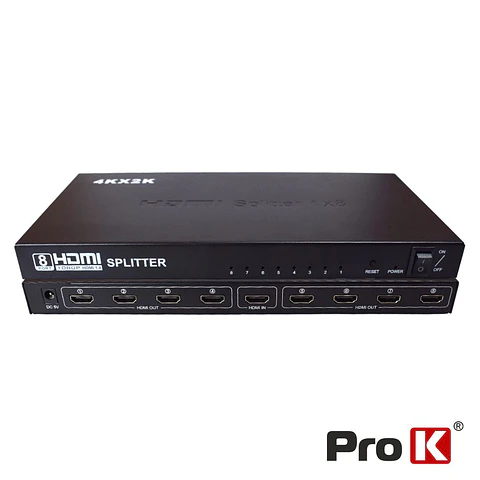 DISTRIBUIDOR HDMI AMPLIFICADO 1 ENTRADA 8 SAÍDAS 4K PROK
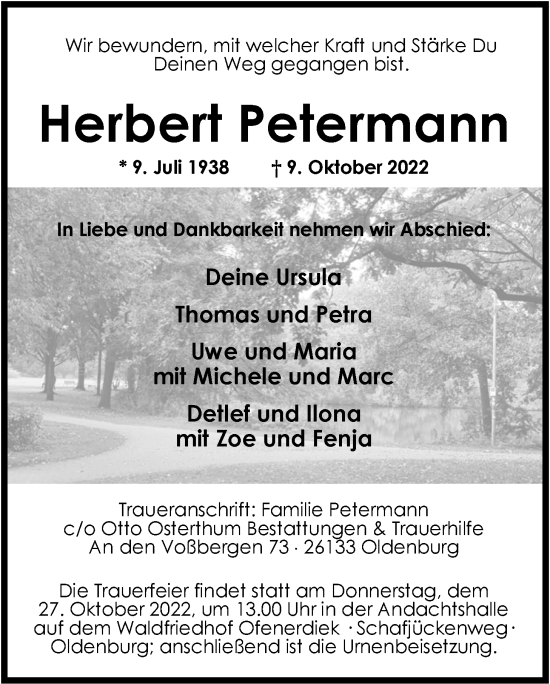 Traueranzeige von Herbert Petermann von Nordwest-Zeitung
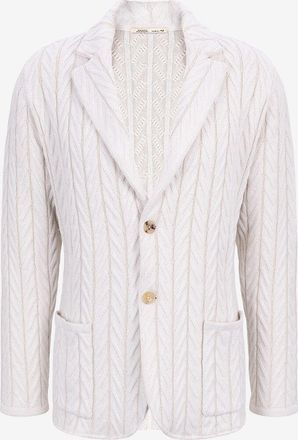 Maurizio Baldassari Einrehiger Zopfstrickblazer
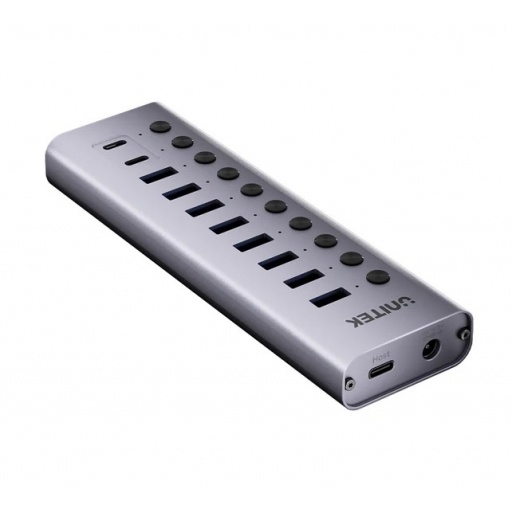Hub Unitech 10 en 1 USB-C 5 Gbps HDMI PD SD LAN Gris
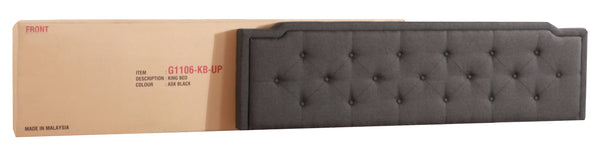 English Elm Stylish Tufted Headboard Queen Bed with Adjustable Height, Sturdy Slats & One-Box Easy Delivery Black 5.5 L x 22.5 W x 59.5 H B078112112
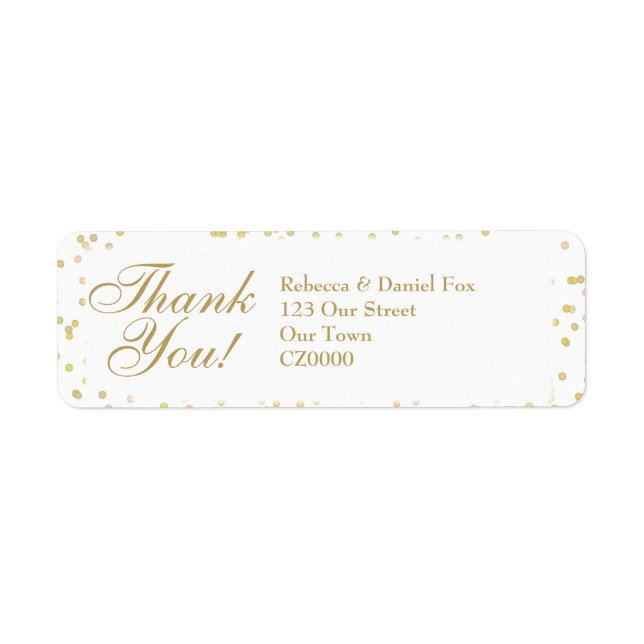 Étiquette Remerciement de mariage confettis poussière d'or (Devant)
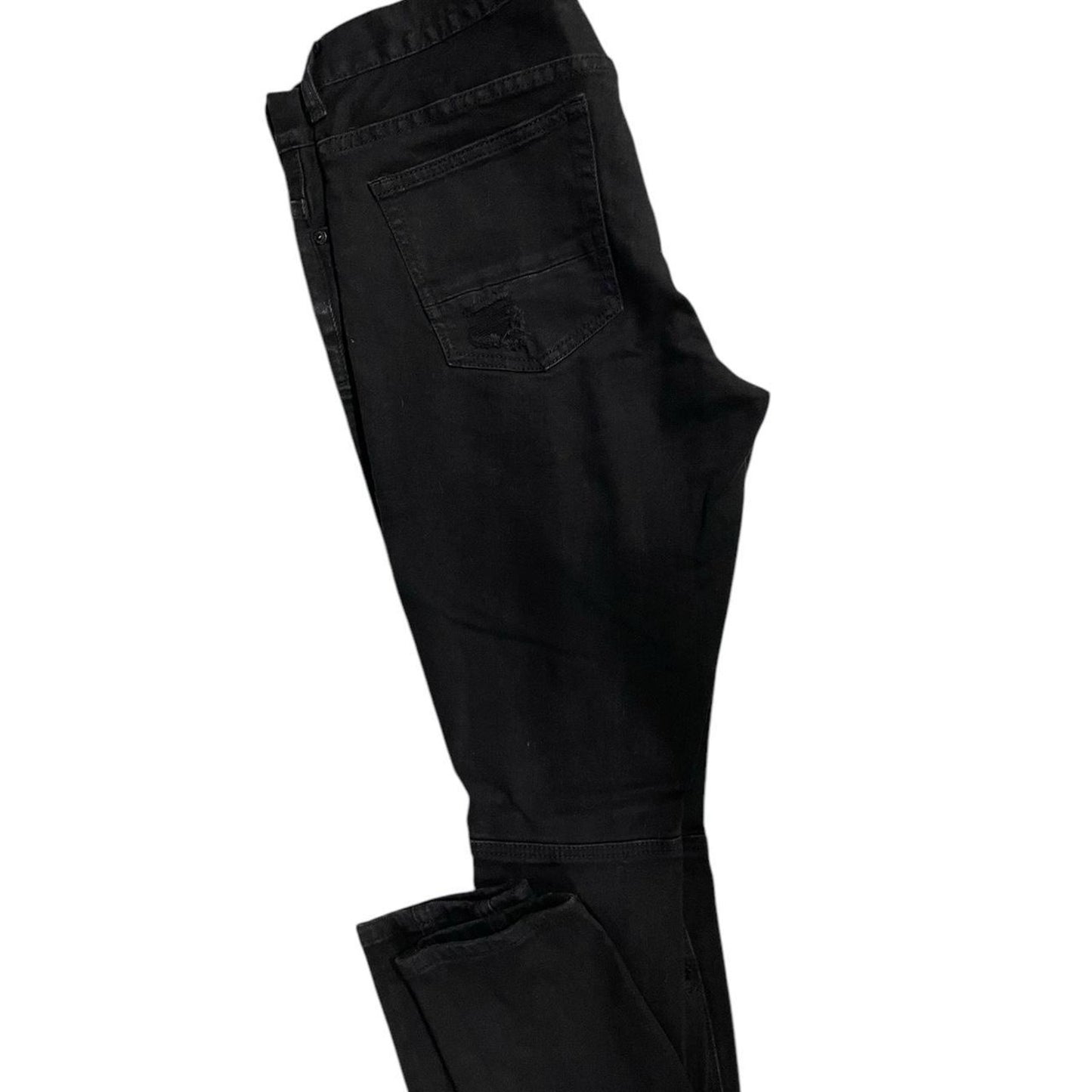 Black denim biker jeans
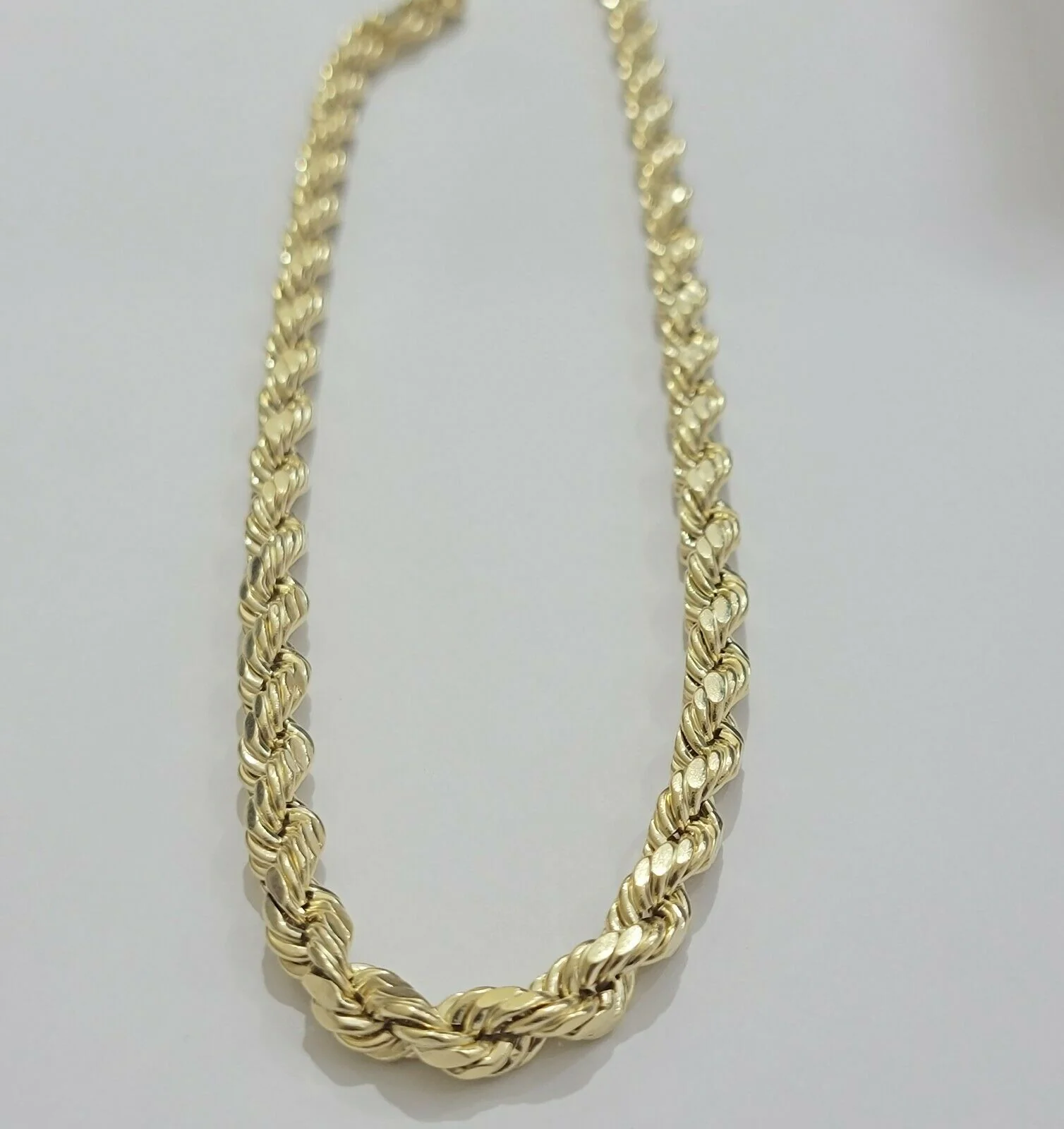 REAL 10k Gold Rope Necklace 24" 7mm Mens Chain 10kt Yellow Gold Lobster,Bracelet - Image 11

·····

:: THE TASK ::
Print the material in full and exactly; the pictures must not be printed.

:: SOLUTION BELOW ::
 DISTRIBUIDOR HDMI AMPLIFICADO 1 ENTRADA 8 SAÍDAS 4K PROK
 Traueranzeige von Herbert Petermann von Nordwest-Zeitung
 Maurizio Baldassari Einrehiger Zopfstrickblazer
Hub Unitech 10 en 1 USB-C 5 Gbps HDMI PD SD LAN Gris
 English Elm Stylish Tufted Headboard Queen Bed with Adjustable Height, Sturdy Slats & One-Box Easy Delivery Black 5.5 L x 22.5 W x 59.5 H B078112112
 Étiquette Remerciement de mariage confettis poussière d'or (Devant)
 Black denim biker jeans
 REAL 10k Gold Rope Necklace 24" 7mm Mens Chain 10kt Yellow Gold Lobster,Bracelet - Image 11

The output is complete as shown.